Exercise materials:

* * * * * * * * *

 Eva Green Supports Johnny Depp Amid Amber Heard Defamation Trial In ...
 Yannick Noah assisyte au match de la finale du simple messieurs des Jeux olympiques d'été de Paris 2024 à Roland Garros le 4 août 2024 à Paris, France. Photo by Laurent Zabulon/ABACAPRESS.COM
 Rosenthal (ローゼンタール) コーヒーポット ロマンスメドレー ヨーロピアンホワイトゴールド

* * * * * * * * *

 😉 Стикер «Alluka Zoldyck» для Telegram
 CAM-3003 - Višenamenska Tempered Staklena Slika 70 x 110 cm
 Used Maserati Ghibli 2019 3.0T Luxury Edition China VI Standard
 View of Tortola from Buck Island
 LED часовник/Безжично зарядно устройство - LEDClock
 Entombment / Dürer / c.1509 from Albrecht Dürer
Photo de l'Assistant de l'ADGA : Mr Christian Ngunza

* * * * * * * * *

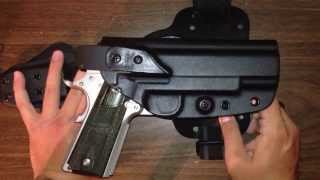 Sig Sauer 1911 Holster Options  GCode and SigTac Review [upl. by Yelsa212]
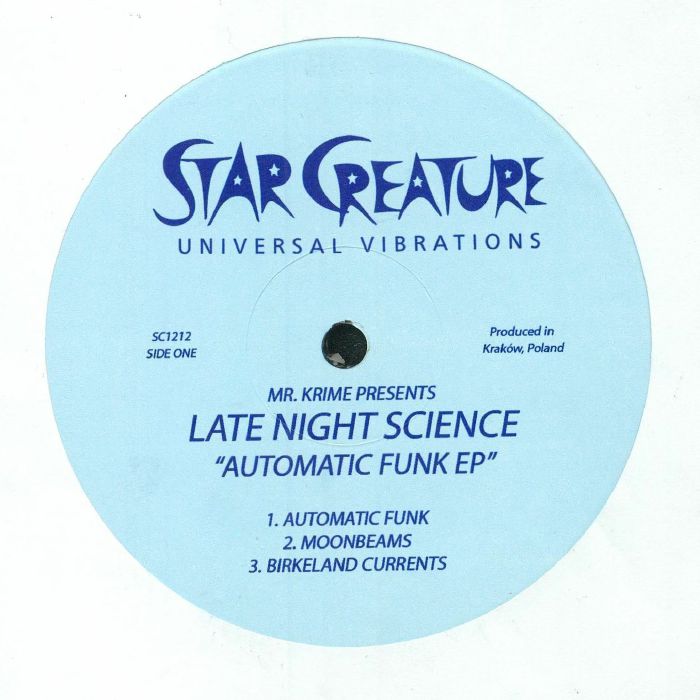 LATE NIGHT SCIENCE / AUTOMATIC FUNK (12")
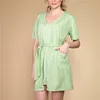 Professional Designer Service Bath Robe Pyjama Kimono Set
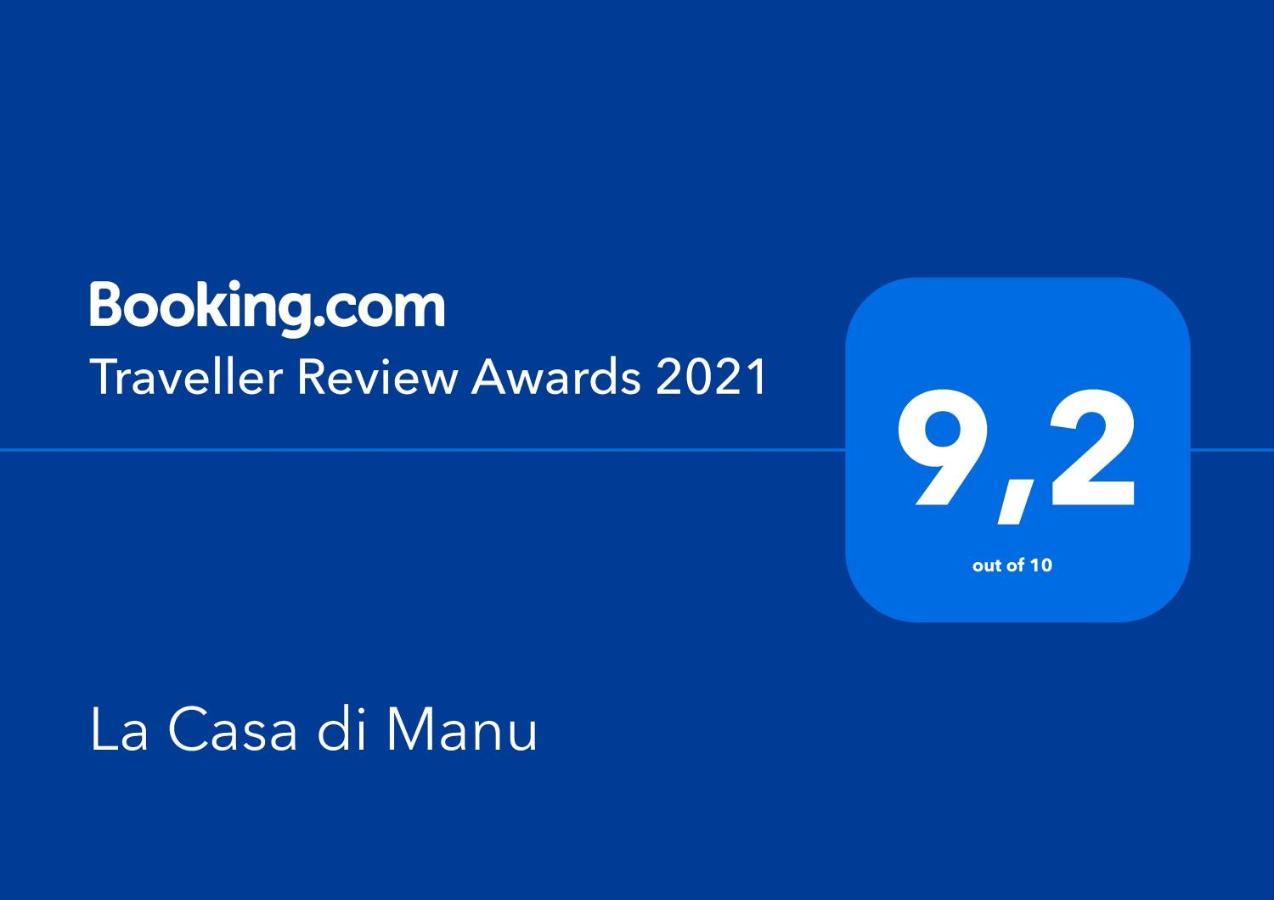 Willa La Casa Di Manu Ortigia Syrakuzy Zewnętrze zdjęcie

* * * * * * * * *

Look over the listing above and copy each line that contains "Photo".

 Yannick Noah assisyte au match de la finale du simple messieurs des Jeux olympiques d'été de Paris 2024 à Roland Garros le 4 août 2024 à Paris, France. Photo by Laurent Zabulon/ABACAPRESS.COM
Photo de l'Assistant de l'ADGA : Mr Christian Ngunza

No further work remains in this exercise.